Data to examine –

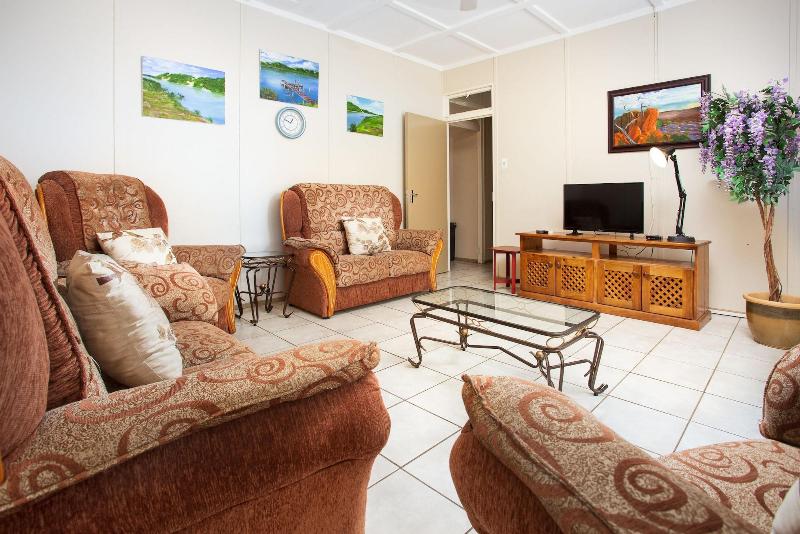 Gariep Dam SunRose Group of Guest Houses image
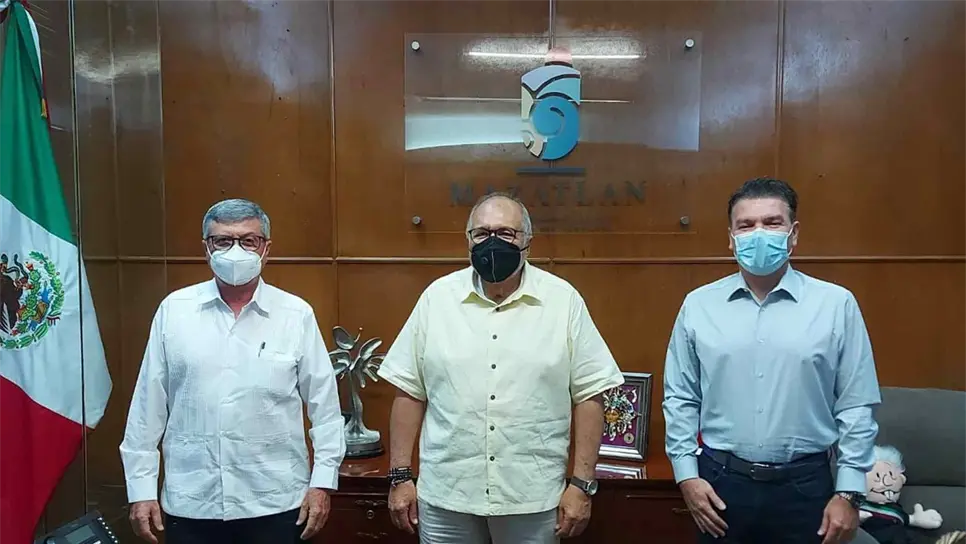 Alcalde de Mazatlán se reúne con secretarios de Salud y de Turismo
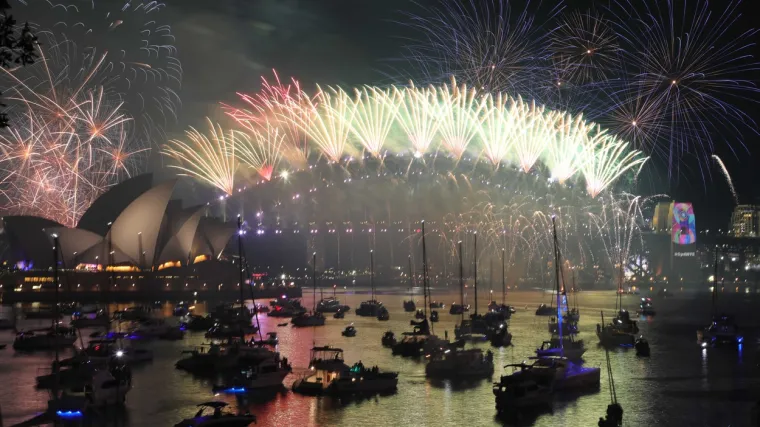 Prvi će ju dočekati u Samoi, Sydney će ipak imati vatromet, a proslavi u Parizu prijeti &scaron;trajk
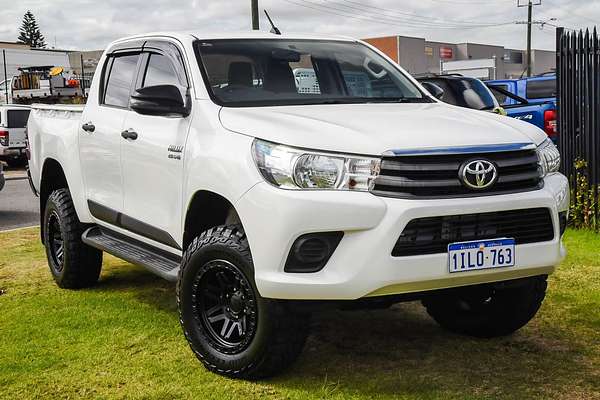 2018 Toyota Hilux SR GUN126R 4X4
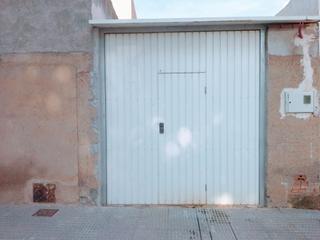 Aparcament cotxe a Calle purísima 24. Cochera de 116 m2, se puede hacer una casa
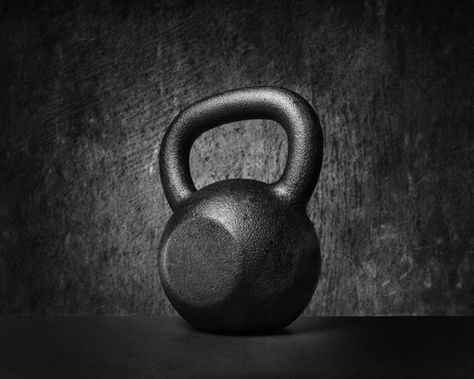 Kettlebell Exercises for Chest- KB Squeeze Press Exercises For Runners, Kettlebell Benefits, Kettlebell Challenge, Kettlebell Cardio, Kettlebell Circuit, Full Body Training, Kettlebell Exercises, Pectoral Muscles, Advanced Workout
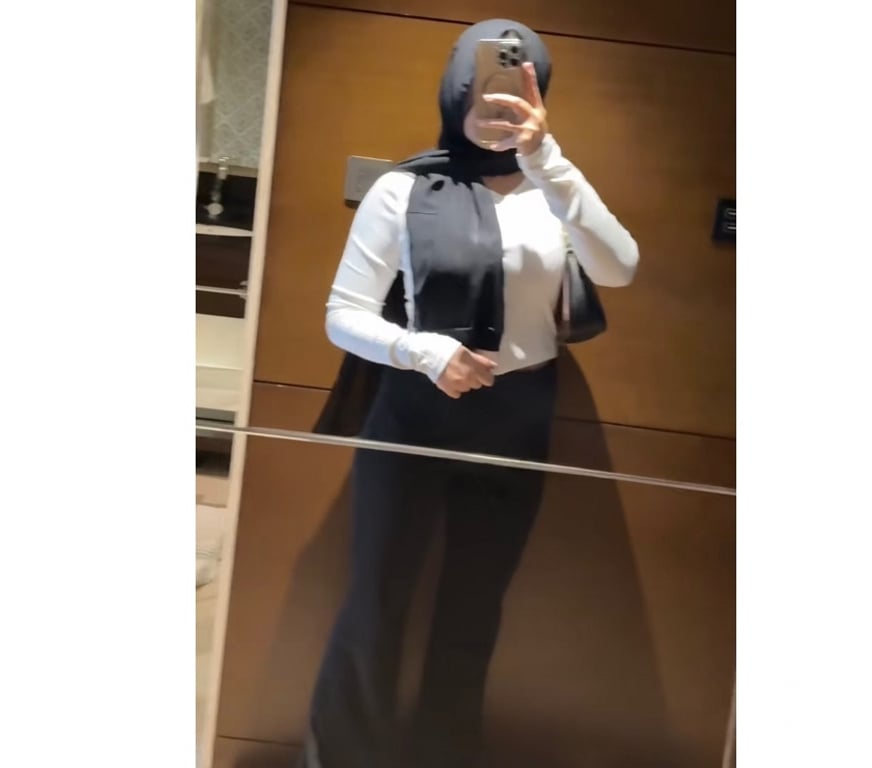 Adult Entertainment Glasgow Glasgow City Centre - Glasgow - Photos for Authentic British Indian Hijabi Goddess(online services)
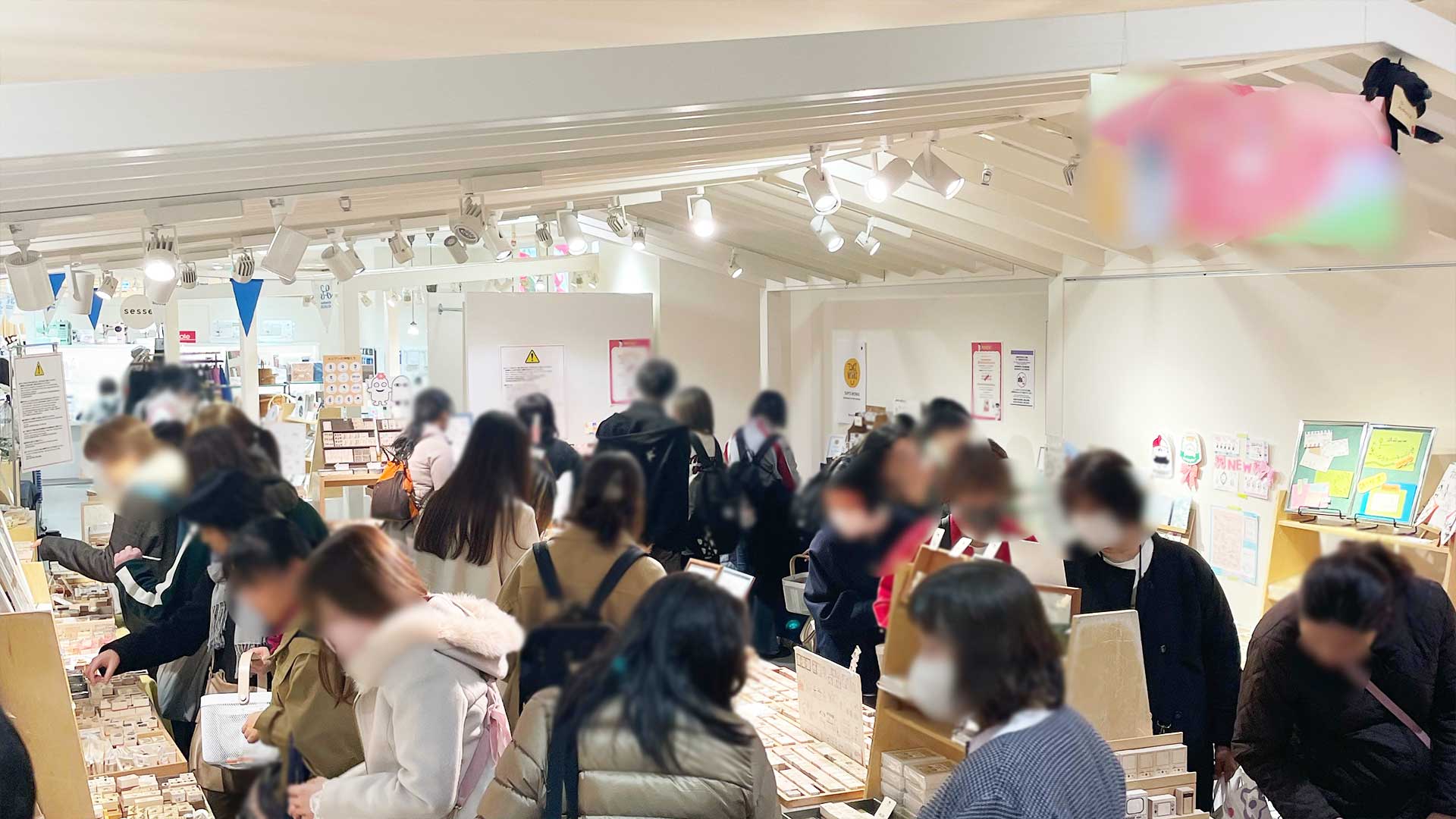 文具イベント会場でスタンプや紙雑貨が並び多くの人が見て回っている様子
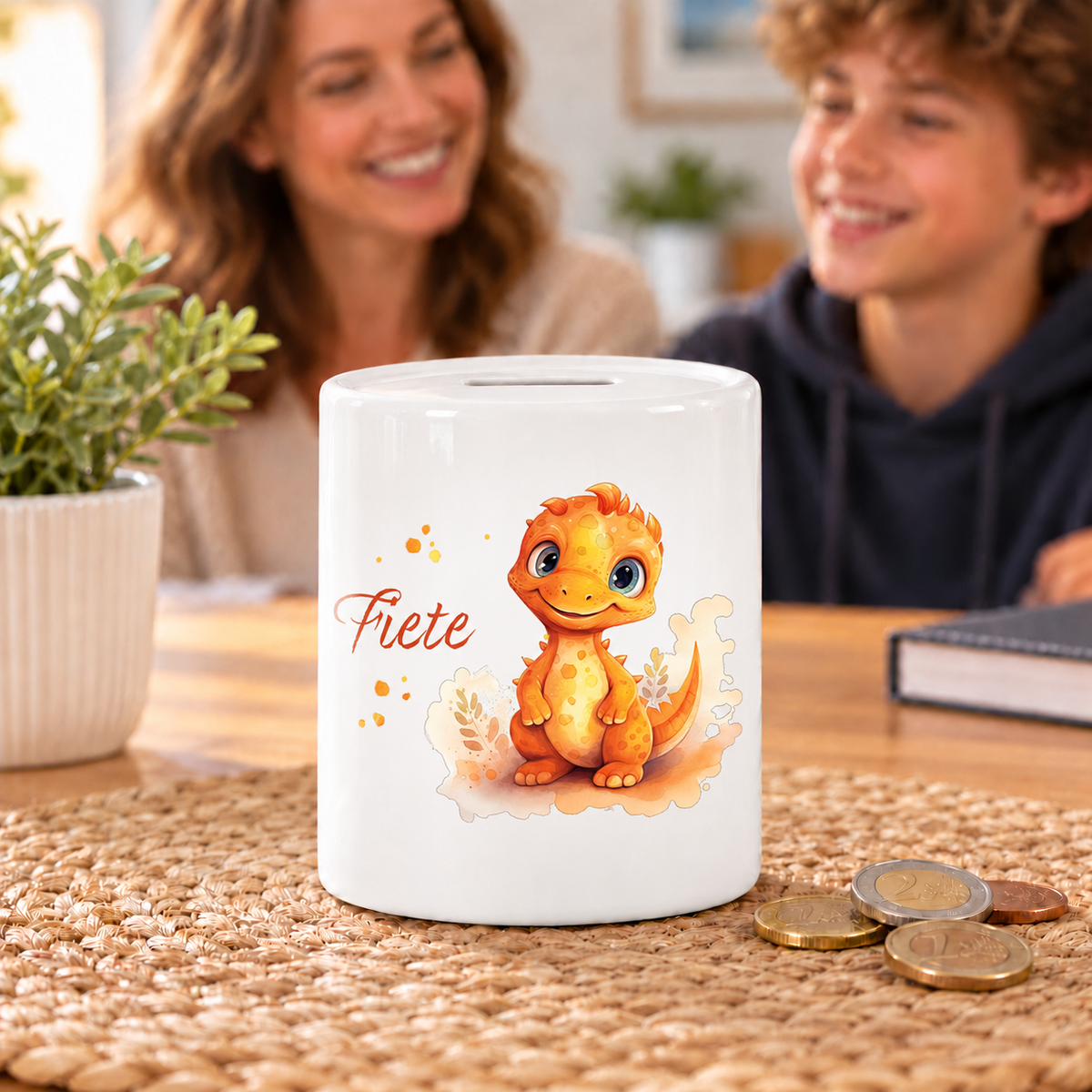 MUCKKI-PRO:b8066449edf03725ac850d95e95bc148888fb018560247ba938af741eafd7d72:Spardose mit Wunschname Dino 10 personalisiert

Exercise description – Repeat the material above exactly, so that every entry appears but no picture does.

Written response –
 Gariep Dam SunRose Group of Guest Houses image
 Alcalde de Mazatlán se reúne con secretarios de Salud y de Turismo
 Prvi će ju dočekati u Samoi, Sydney će ipak imati vatromet, a proslavi u Parizu prijeti &scaron;trajk
 2018 Toyota Hilux SR GUN126R 4X4
 Aparcament cotxe a Calle purísima 24. Cochera de 116 m2, se puede hacer una casa
 Kettlebell Exercises for Chest- KB Squeeze Press Exercises For Runners, Kettlebell Benefits, Kettlebell Challenge, Kettlebell Cardio, Kettlebell Circuit, Full Body Training, Kettlebell Exercises, Pectoral Muscles, Advanced Workout
 Adult Entertainment Glasgow Glasgow City Centre - Glasgow - Photos for Authentic British Indian Hijabi Goddess(online services)
 文具イベント会場でスタンプや紙雑貨が並び多くの人が見て回っている様子
 MUCKKI-PRO:b8066449edf03725ac850d95e95bc148888fb018560247ba938af741eafd7d72:Spardose mit Wunschname Dino 10 personalisiert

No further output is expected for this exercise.